**DATASET EXCERPTS:**
_ _ _ _

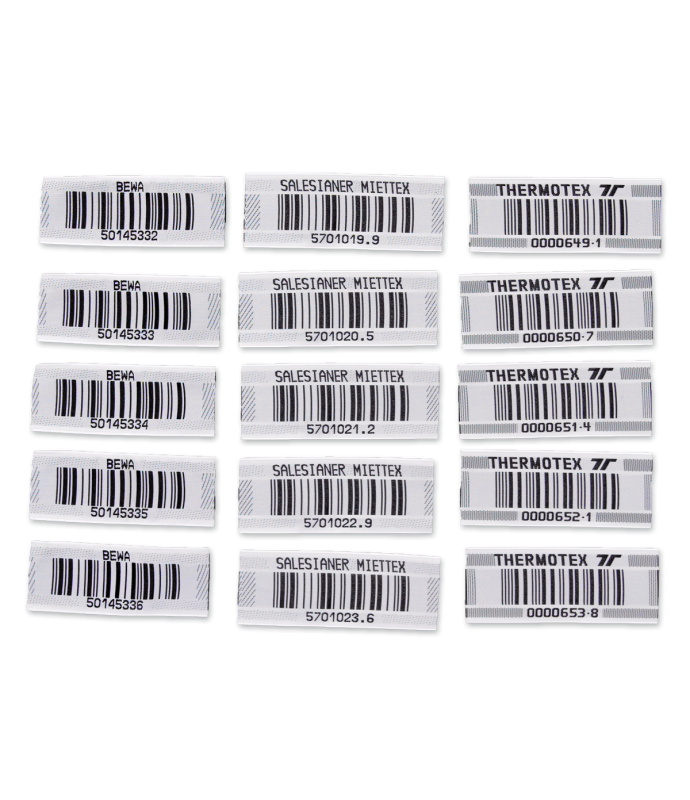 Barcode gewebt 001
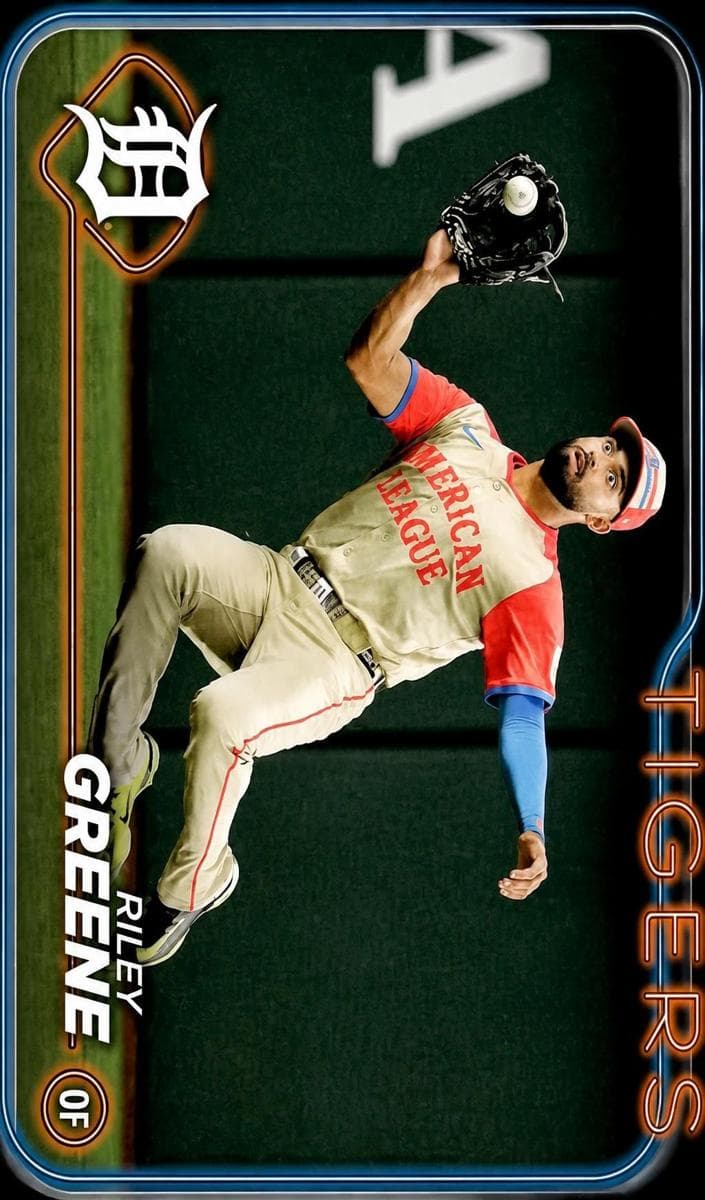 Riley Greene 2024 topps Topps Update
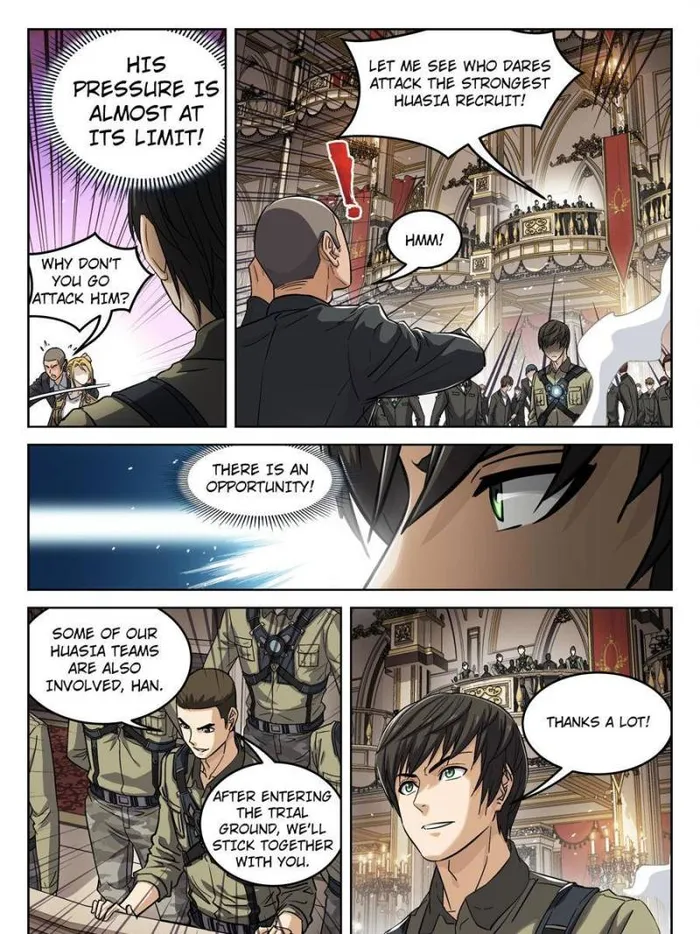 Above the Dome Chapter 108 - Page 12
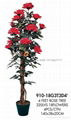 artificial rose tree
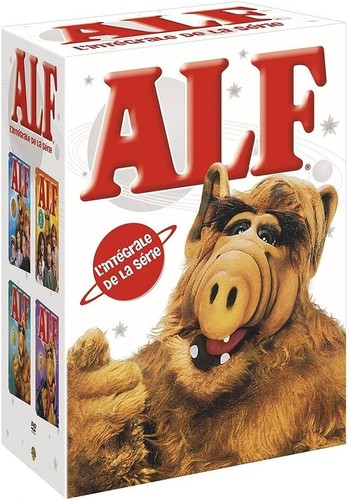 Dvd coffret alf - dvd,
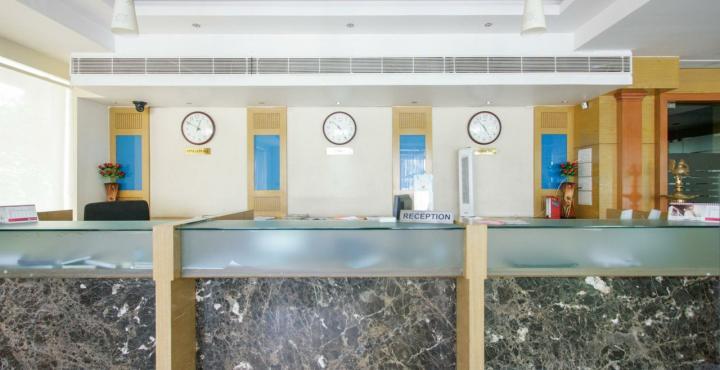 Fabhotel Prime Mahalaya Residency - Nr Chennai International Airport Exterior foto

_ _ _ _

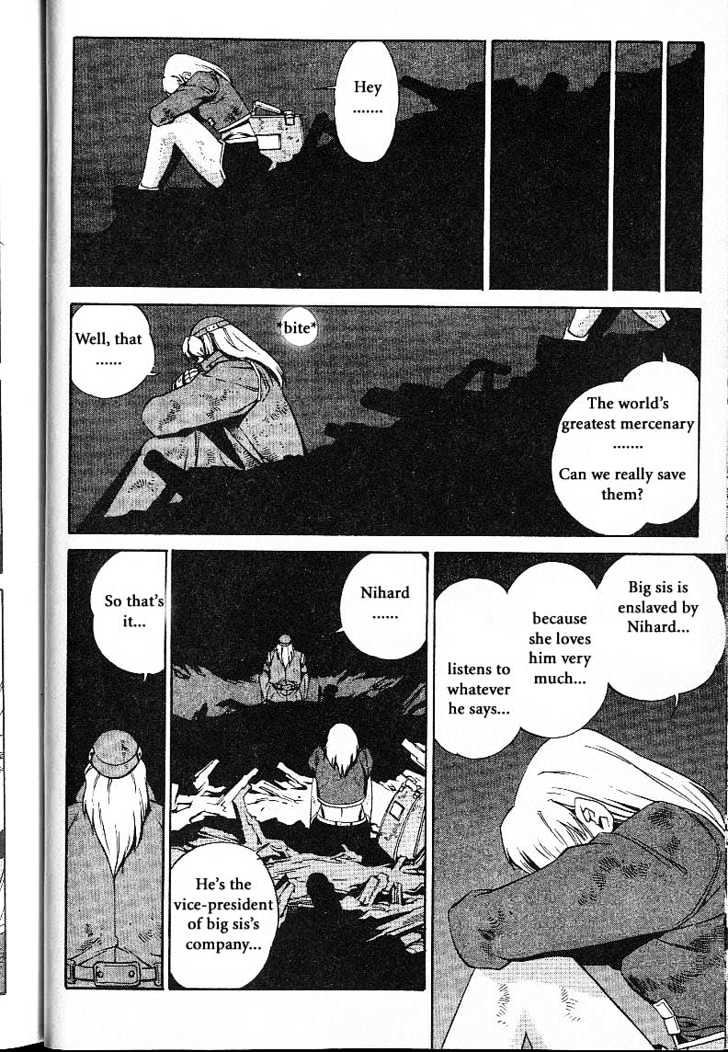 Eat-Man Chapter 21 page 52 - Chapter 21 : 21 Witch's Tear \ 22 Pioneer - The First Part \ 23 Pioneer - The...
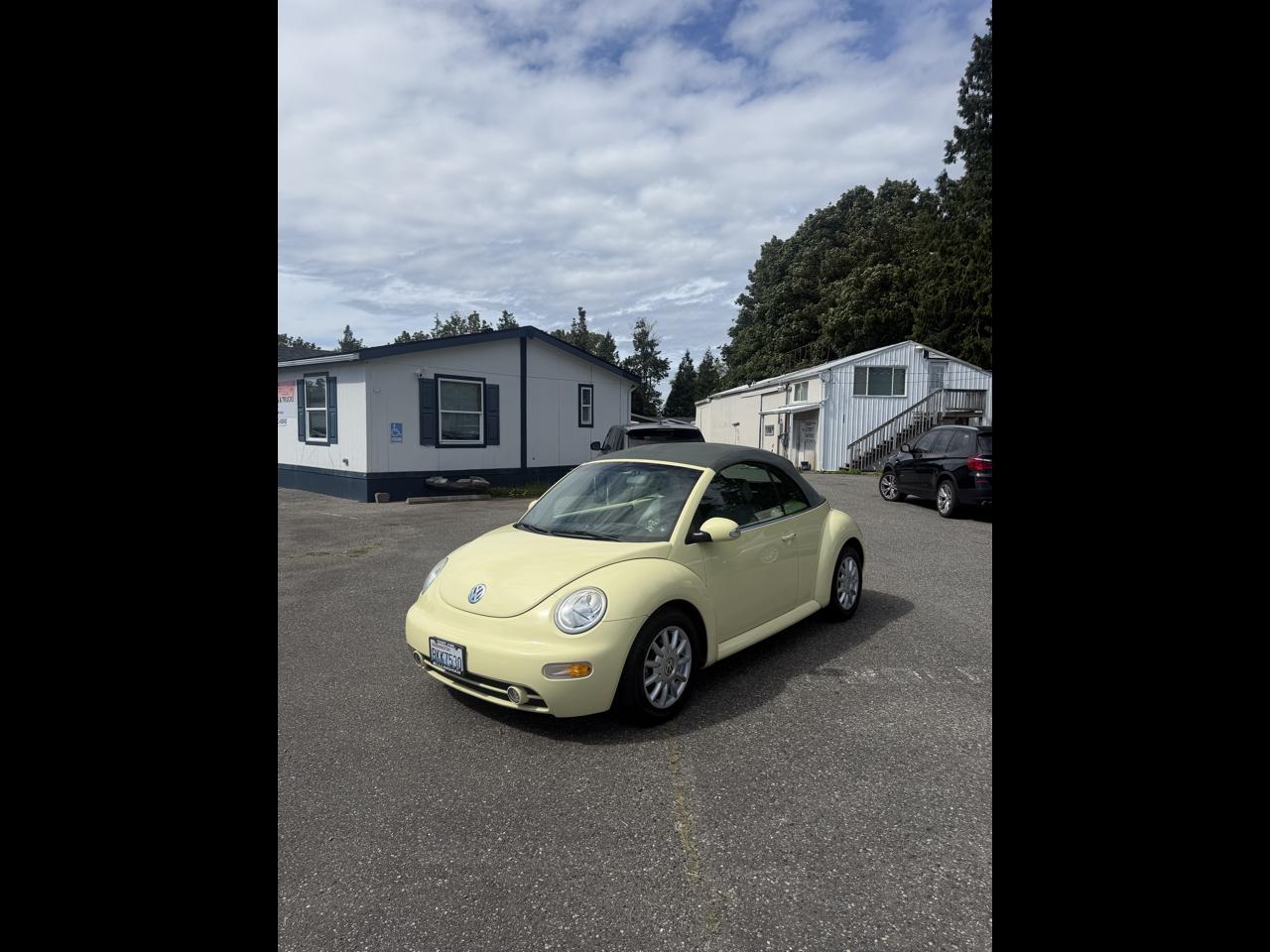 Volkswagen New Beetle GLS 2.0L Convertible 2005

_ _ _ _

Range to copy from the listing above: the line containing "Barcode gewebt 001" down to the line containing "Fabhotel Prime Mahalaya", both included. Reproduce it exactly, minus the pictures, and add nothing.

**RESULT BELOW:**
 Barcode gewebt 001
 Riley Greene 2024 topps Topps Update
 Above the Dome Chapter 108 - Page 12
 artificial rose tree
 Dvd coffret alf - dvd,
 Fabhotel Prime Mahalaya Residency - Nr Chennai International Airport Exterior foto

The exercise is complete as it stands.